◆ EXERCISE GOAL
Your reproduction of the entries should be exact and should contain no pictures.
= Beginning of Section =
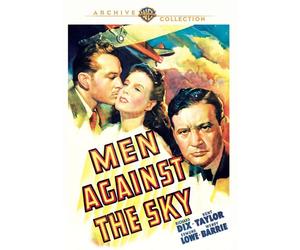 Uomo Contro Il Cielo DVD (1940) Richard Dieci Kent Taylor Wendy Barrie, Edmund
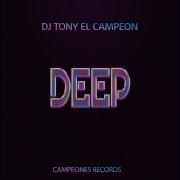 Dj Tony El Campeon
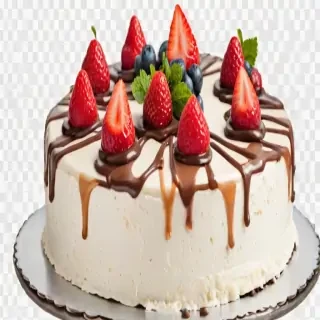 cake transparent background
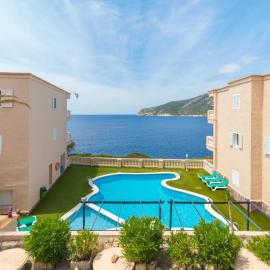 Apartment Amores-2 by Interhome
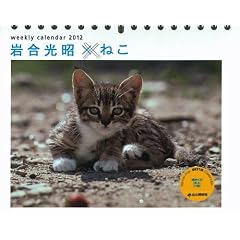 �J�����_�[2012 �T�߂��� �⍇�����~�˂� (Yama-Kei Calendar2012)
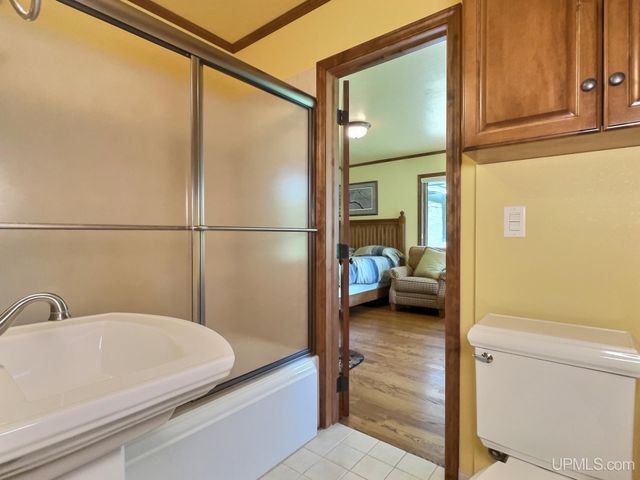 515 Kalla Walla Trail, Crystal Falls, MI 49920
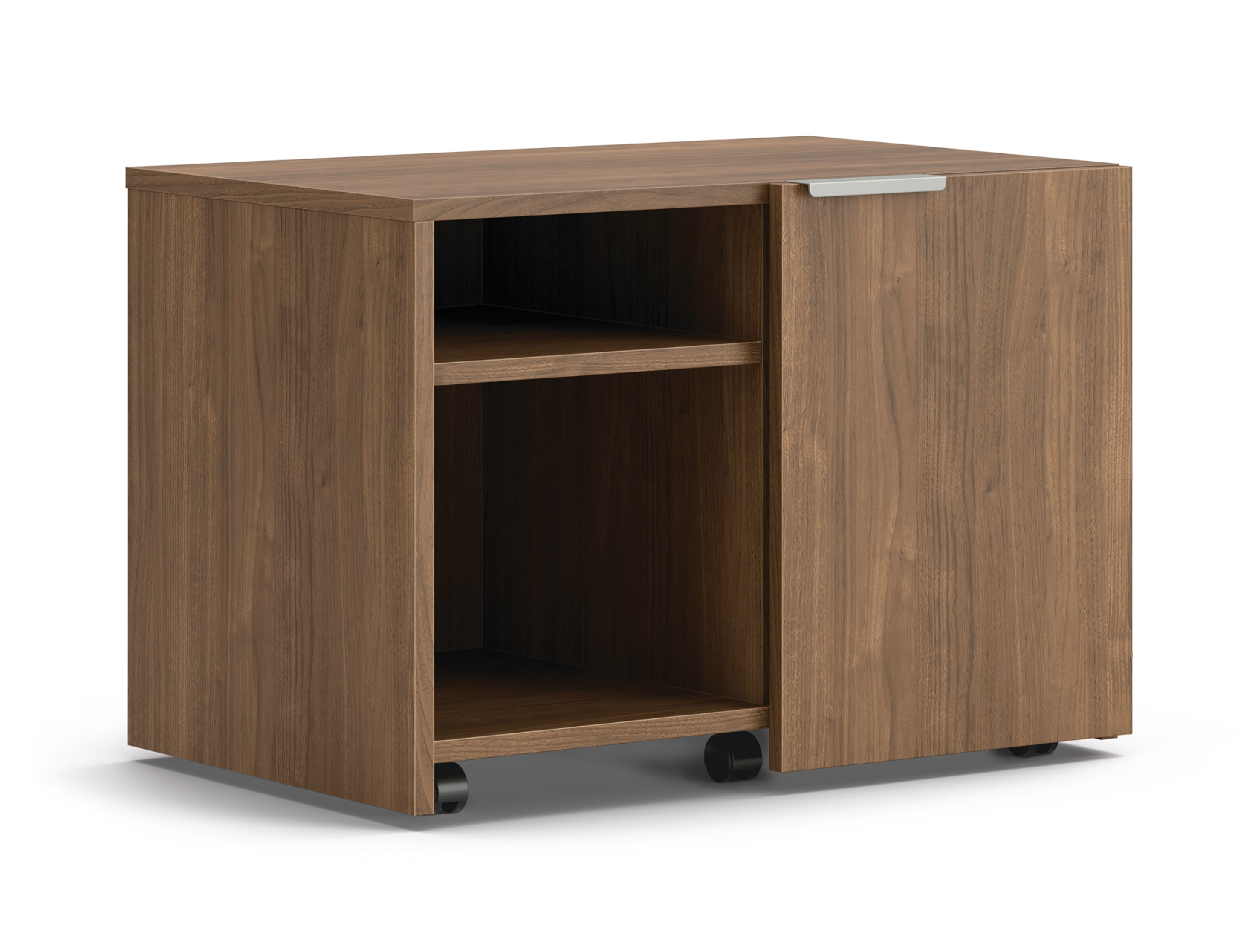Mobile Credenza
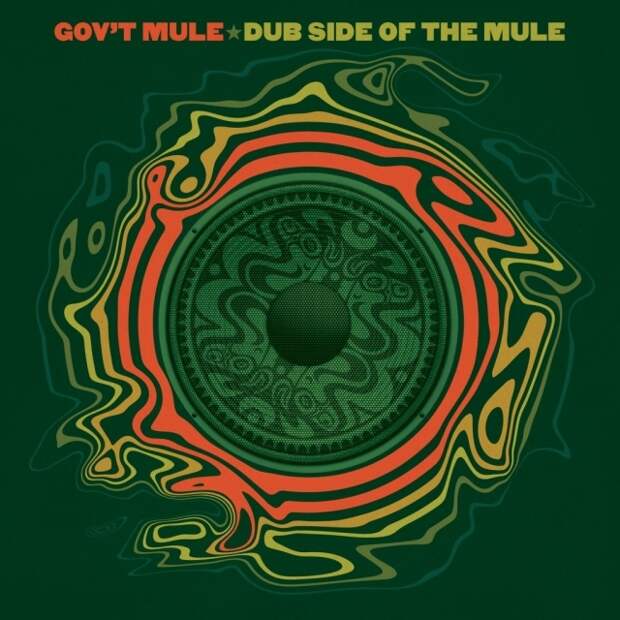 Gov’t Mule — «Dub Side Of The Mule»
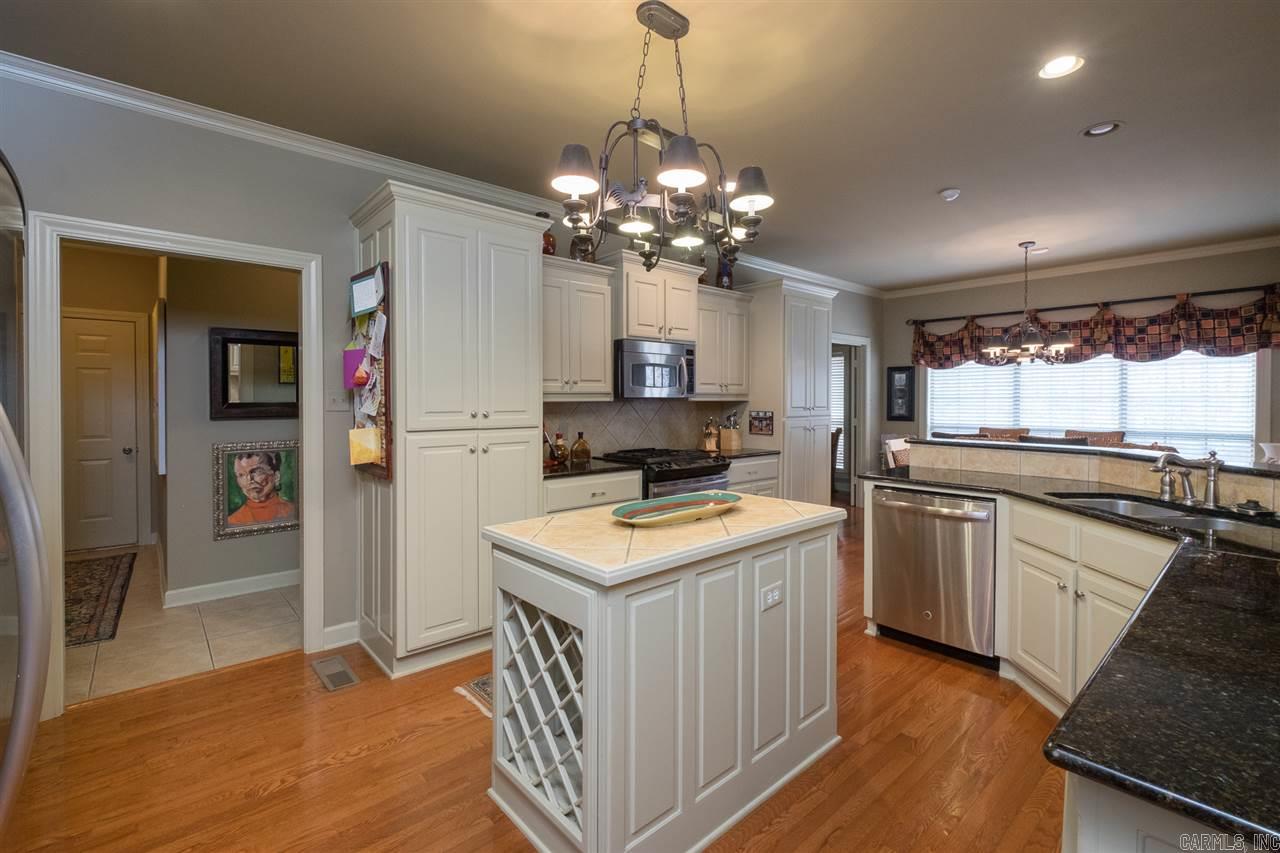 CHENAL VALLEY MARGEUAX - Residential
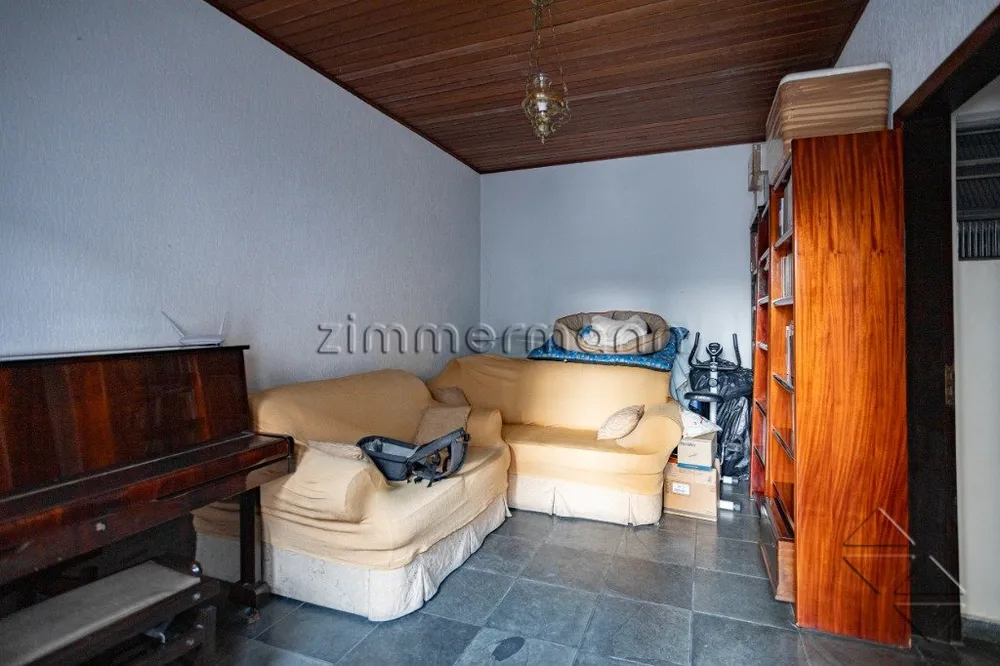 Casa, 4 quartos, 216 m² - Foto 6
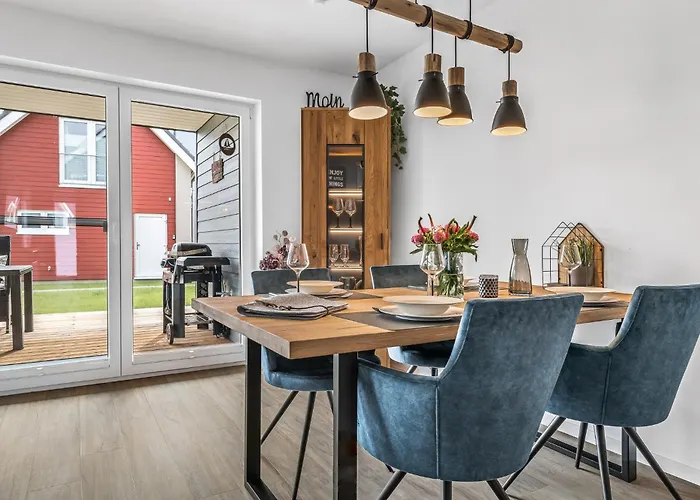 Kuestentraum * Büsum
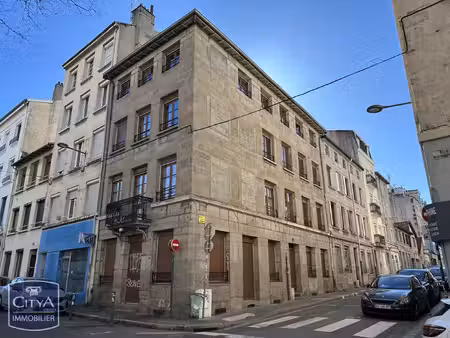 immeuble à vendre 248 m² - saint-étienne (42) - 420 000€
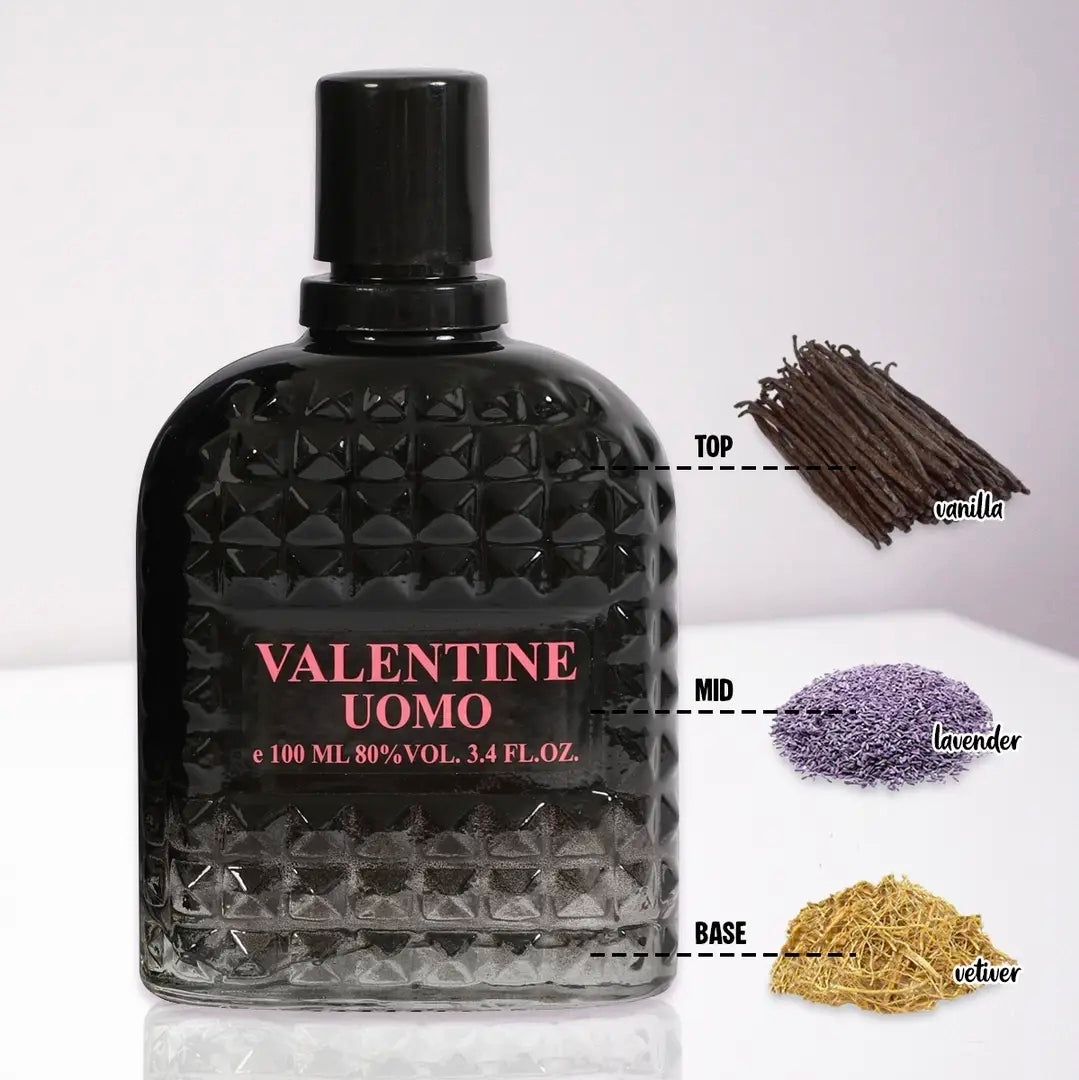Valentine Umo perfume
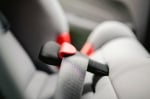 BRITAX-ROMER Стол за кола Advansafix III Sict (9-36 кг.) Flame Red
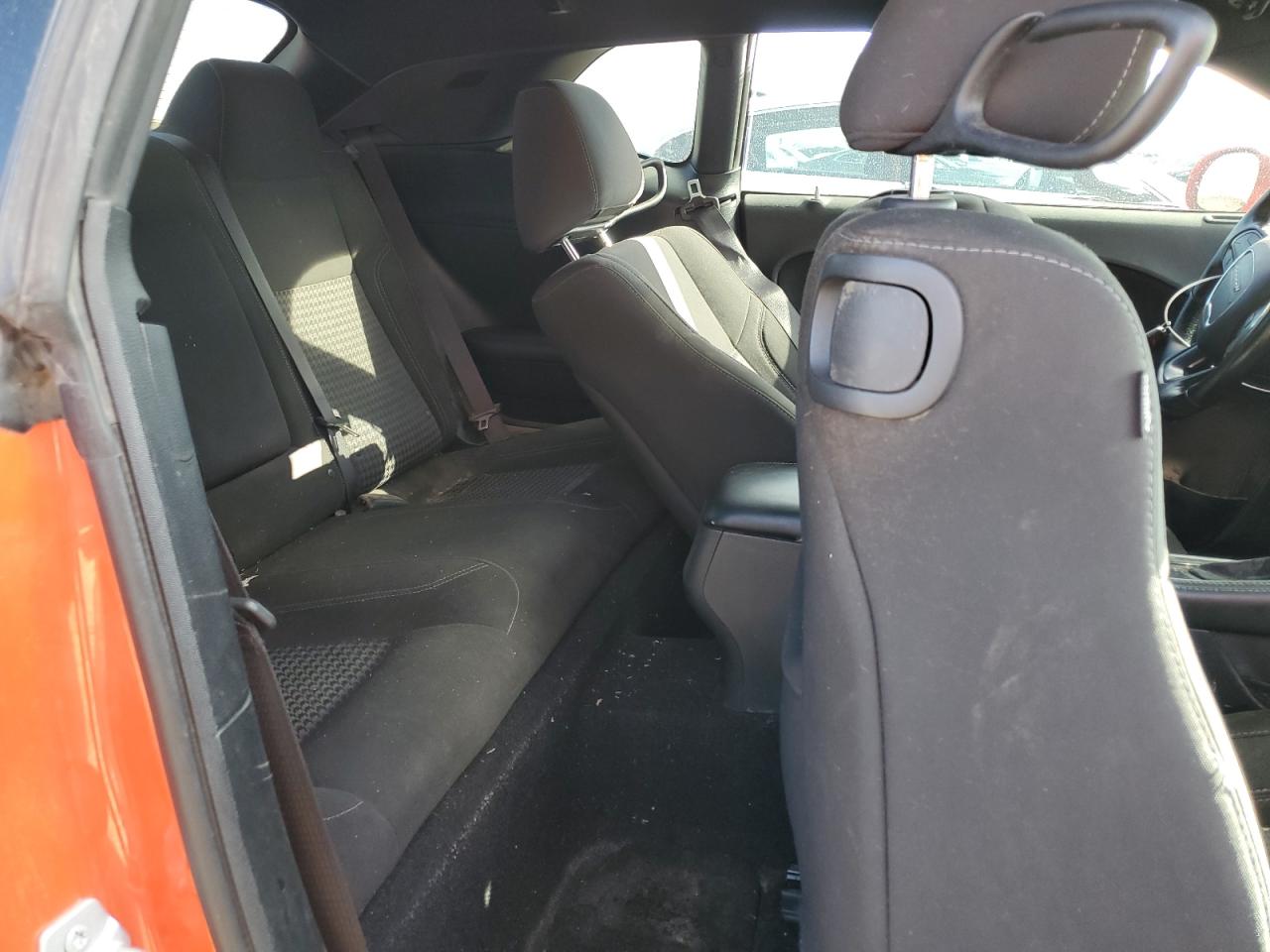 2022 Dodge Challenger Sxt VIN: 2C3CDZAGXNH223686 Lot: 90083775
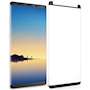 Samsung Galaxy Note 8 Tempered Glass Screen Protector (Single) - Clear Curved Edge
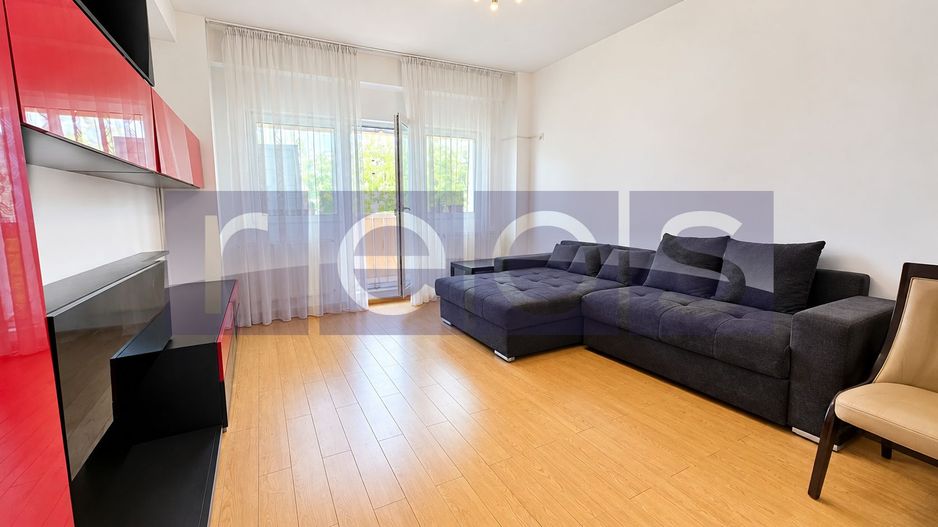 DE VANZARE 2 CAMERE DECOMANDAT | 62 MP | MILITARI RESIDENCE  | PARCARE - Poză 1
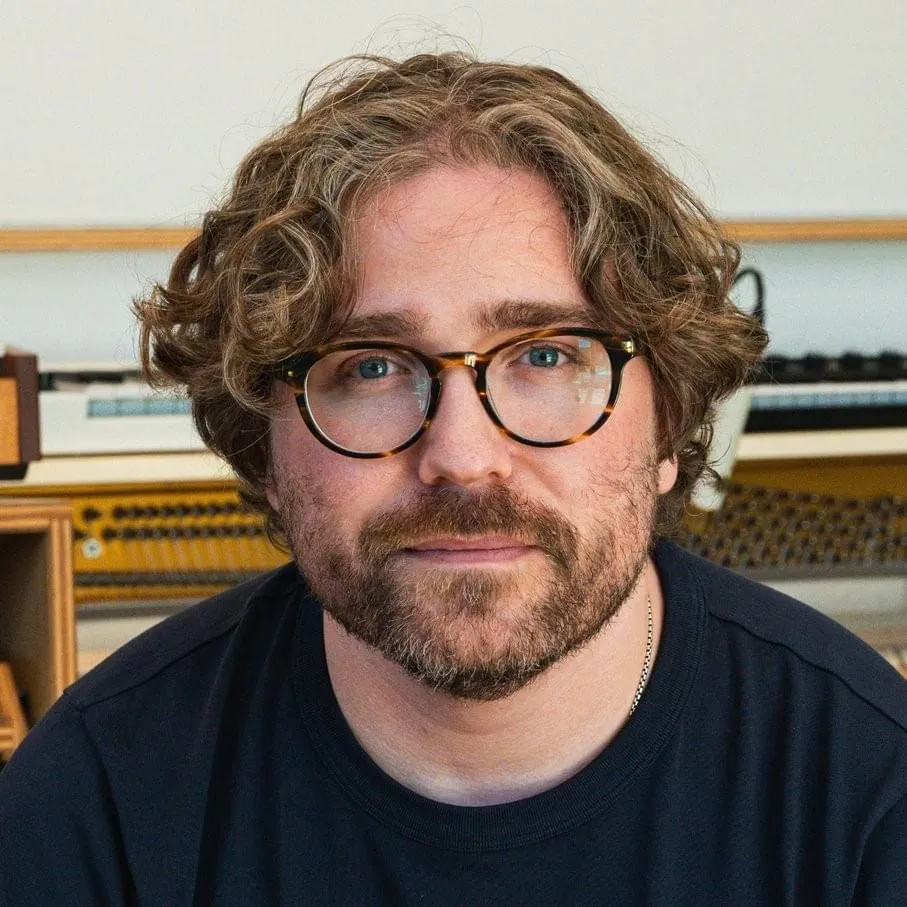 Chris Lyon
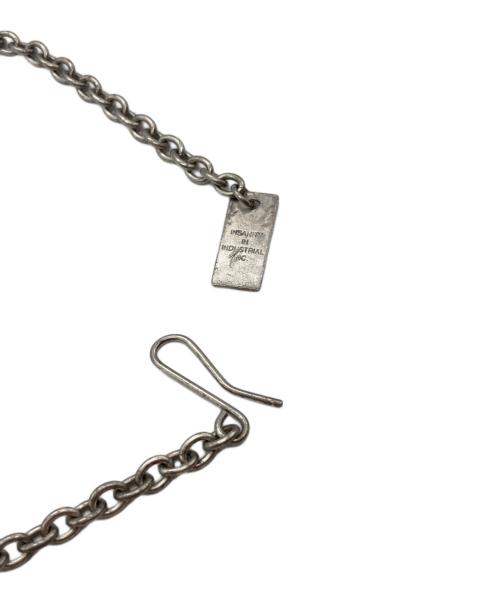 JULIUS（ユリウス）JULIUS (ユリウス) ビークネックレスの古着・服飾アイテム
= End of Section =
◆ FINAL ANSWER
 Uomo Contro Il Cielo DVD (1940) Richard Dieci Kent Taylor Wendy Barrie, Edmund
 Dj Tony El Campeon
 cake transparent background
 Apartment Amores-2 by Interhome
 �J�����_�[2012 �T�߂��� �⍇�����~�˂� (Yama-Kei Calendar2012)
 515 Kalla Walla Trail, Crystal Falls, MI 49920
Mobile Credenza
 Gov’t Mule — «Dub Side Of The Mule»
 CHENAL VALLEY MARGEUAX - Residential
 Casa, 4 quartos, 216 m² - Foto 6
 Kuestentraum * Büsum
 immeuble à vendre 248 m² - saint-étienne (42) - 420 000€
Valentine Umo perfume
 BRITAX-ROMER Стол за кола Advansafix III Sict (9-36 кг.) Flame Red
 2022 Dodge Challenger Sxt VIN: 2C3CDZAGXNH223686 Lot: 90083775
 Samsung Galaxy Note 8 Tempered Glass Screen Protector (Single) - Clear Curved Edge
 DE VANZARE 2 CAMERE DECOMANDAT | 62 MP | MILITARI RESIDENCE  | PARCARE - Poză 1
 Chris Lyon
 JULIUS（ユリウス）JULIUS (ユリウス) ビークネックレスの古着・服飾アイテム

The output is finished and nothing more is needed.